StoryGAN: A Sequential Conditional GAN for Story Visualization

Published 6 Dec 2018 in cs.CV | (1812.02784v2)

Abstract: We propose a new task, called Story Visualization. Given a multi-sentence paragraph, the story is visualized by generating a sequence of images, one for each sentence. In contrast to video generation, story visualization focuses less on the continuity in generated images (frames), but more on the global consistency across dynamic scenes and characters -- a challenge that has not been addressed by any single-image or video generation methods. We therefore propose a new story-to-image-sequence generation model, StoryGAN, based on the sequential conditional GAN framework. Our model is unique in that it consists of a deep Context Encoder that dynamically tracks the story flow, and two discriminators at the story and image levels, to enhance the image quality and the consistency of the generated sequences. To evaluate the model, we modified existing datasets to create the CLEVR-SV and Pororo-SV datasets. Empirically, StoryGAN outperforms state-of-the-art models in image quality, contextual consistency metrics, and human evaluation.

Abstract PDF Upgrade to Chat

Citations (200)

View on Semantic Scholar

Summary

The paper introduces a novel StoryGAN framework that leverages a deep Context Encoder and dual discriminators to generate globally consistent image sequences from multi-sentence stories.
The paper demonstrates superior performance on CLEVR-SV and Pororo-SV datasets, achieving higher image quality and improved SSIM and human evaluation scores over state-of-the-art models.
The paper suggests that the innovative Text2Gist approach and dual discriminator design can inspire future advancements in AI-driven automated comic strip and narrative video generation.

StoryGAN: A Sequential Conditional GAN for Story Visualization

The paper introduces StoryGAN, a novel approach to a unique task termed "Story Visualization." This task involves transforming a multi-sentence paragraph into a coherent sequence of images, with one image per sentence, emphasizing global consistency across different images and scenes, as opposed to the continuous frame focus of video generation. The paper highlights the challenges present in this task, such as maintaining consistency in the characters and scenes depicted, and proposes a solution through the StoryGAN framework.

StoryGAN Framework

StoryGAN is built upon the sequential conditional GAN framework, introducing innovative components not previously seen in image or video generation methods. It features a deep Context Encoder combining a GRU cell and a newly developed Text2Gist cell, specifically designed to capture and dynamically track the flow of the story. This Context Encoder effectively incorporates prior contextual information to enhance semantic coherence across generated images. The model further distinguishes itself with two discriminators operating at different levels: an image-level discriminator to ensure sentence-image relevance and a story-level discriminator to uphold the global consistency between image sequences and the overarching story.

Evaluation and Empirical Results

Two novel datasets, CLEVR-SV and Pororo-SV, were crafted from existing datasets for comparative evaluation of StoryGAN. Results indicate that StoryGAN surpasses state-of-the-art models in image quality, contextual consistency, and human evaluation metrics. These enhancements are attributed primarily to the Context Encoder's efficacy and the dual discriminator framework, which collaboratively work to produce a sequence of high-fidelity images that maintain story coherence.

Numerical Results and Contributions

The paper presents quantitative analysis using the Structural Similarity Index (SSIM) on the CLEVR-SV dataset, demonstrating improved similarity with ground truth images when employing StoryGAN over other methods. Furthermore, human evaluation on the Pororo-SV dataset supplements these numerical results with subjective quality assessments, where StoryGAN consistently scored higher compared to baselines. These findings reinforce the paper's claims about the superior performance of StoryGAN in handling the story visualization task.

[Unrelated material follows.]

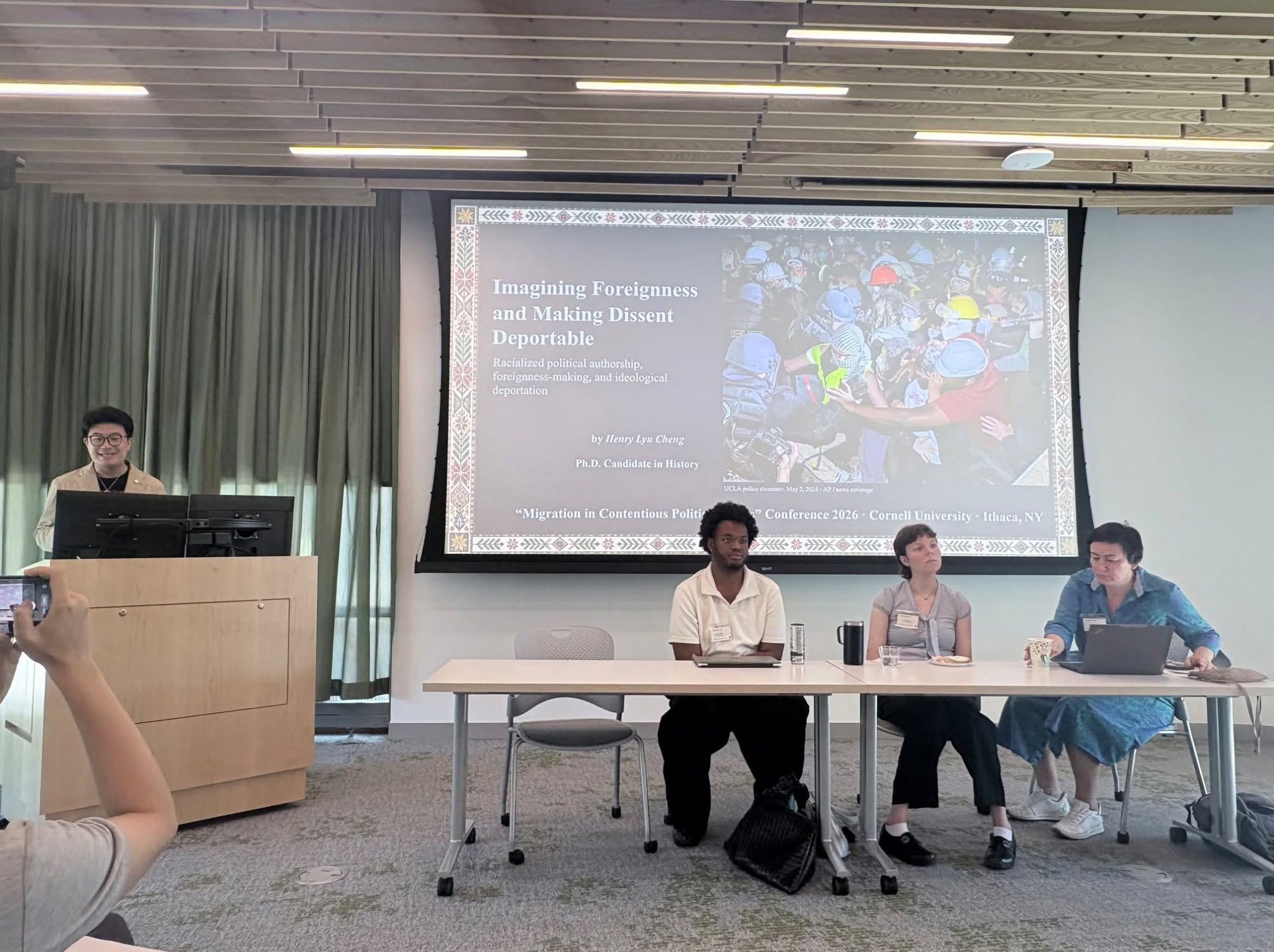 Henry Lyu Cheng presents “Imagining Foreignness and Making Dissent Deportable” as fellow presenters sit at the panel table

Implications and Future Directions

The implications of this research extend beyond the field of story visualization. The novel Text2Gist and dual discriminator approaches introduce promising avenues for further research in sequential data generation, potentially influencing areas such as automated comic strip generation and narrative-based video creation. Furthermore, this work sets the stage for advancements in understanding complex multi-modal sequences, contributing to the larger field of AI-driven content creation.

As for future developments, the refinement of these methods in the context of even more intricate stories or diverse datasets could push the boundaries of how AI-assisted storytelling is perceived. Additionally, improved computational techniques and incorporation of richer datasets might further expand the capabilities of StoryGAN and similar models.

In summary, this paper presents significant advancements in the visualization of textual stories through images, suggesting substantial theoretical and practical contributions to the future of AI-generated content.